The consensus has been built on the fact that the hydrogen evolution reaction (HER) activity of MoS2 basal planes can be activated by S vacancies. Currently, the popular strategy for fabricating S vacancies is to remove part of S atoms of MoS2. Owing to the same identity of S atoms, the removal process is usually random and does not have selectivity. Herein, we develop a defect-predesigned strategy to produce MoS2 with single-atomic S vacancies (SV-MoS2) simply by preparing Se-doped MoS2 (Se-MoS2) and subsequent removing the Se of Se-MoS2. S vacancies originates from the vaporization of the doped Se atoms, making the formation of S vacancies have a high selectivity and raising a good possibility for precisely modulating the concentration of S vacancies.

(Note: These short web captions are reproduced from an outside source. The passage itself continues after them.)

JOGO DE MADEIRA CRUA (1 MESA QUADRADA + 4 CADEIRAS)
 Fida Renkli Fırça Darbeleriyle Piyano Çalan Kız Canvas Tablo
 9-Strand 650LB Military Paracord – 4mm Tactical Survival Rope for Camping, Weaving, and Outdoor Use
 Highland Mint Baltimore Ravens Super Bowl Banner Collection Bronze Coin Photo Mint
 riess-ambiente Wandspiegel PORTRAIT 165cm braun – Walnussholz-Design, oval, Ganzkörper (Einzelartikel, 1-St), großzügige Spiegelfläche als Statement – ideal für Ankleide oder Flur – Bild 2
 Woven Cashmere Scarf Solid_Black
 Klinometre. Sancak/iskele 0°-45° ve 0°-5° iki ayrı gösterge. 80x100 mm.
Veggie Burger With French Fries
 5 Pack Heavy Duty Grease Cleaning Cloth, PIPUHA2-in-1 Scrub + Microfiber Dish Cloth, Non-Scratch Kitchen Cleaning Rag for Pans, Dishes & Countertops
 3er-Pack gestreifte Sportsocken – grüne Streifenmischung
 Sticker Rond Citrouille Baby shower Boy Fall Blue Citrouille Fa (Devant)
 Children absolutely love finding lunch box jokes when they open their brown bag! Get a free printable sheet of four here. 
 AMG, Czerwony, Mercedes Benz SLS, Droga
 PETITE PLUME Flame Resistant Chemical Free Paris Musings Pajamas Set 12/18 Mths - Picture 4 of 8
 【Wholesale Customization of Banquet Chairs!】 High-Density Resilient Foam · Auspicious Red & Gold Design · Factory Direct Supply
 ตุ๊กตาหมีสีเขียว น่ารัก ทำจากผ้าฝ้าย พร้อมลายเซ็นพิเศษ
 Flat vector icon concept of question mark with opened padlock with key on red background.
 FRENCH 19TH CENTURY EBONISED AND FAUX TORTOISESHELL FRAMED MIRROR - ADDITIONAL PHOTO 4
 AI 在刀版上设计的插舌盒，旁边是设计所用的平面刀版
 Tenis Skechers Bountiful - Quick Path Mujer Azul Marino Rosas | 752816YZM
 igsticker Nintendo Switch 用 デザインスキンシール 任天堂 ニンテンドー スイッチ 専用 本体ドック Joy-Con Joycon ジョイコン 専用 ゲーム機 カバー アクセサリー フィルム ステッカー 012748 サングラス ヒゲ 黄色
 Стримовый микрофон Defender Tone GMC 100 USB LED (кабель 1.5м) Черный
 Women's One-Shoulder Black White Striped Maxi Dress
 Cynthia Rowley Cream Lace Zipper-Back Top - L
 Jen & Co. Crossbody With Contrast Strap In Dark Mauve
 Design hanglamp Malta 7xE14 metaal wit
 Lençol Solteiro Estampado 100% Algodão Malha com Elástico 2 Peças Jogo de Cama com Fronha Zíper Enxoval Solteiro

The results show that the concentration of S vacancies can be controlled over the range from similar to 7.46% to 13.54%. MoS1.76 with similar to 12.10% of S vacancies exhibits outstanding HER performance: an overpotential of 100 mV at 10 mA cm(-2) and a Tafel slope of 49 mV dec(-1), corroborating the theoretical prediction about the optimum concentration of S vacancies. Density functional theory calculation further reveals that the activation of MoS2 basal planes may intrinsically originate from the modification of S vacancies to band structure and density of state of MoS2, optimizing the hydrogen adsorption energy. This defect-predesigned strategy reduces the probability of forming the aggregates of S vacancies and will be more helpful for understanding how S vacancies affect the properties of MoS2.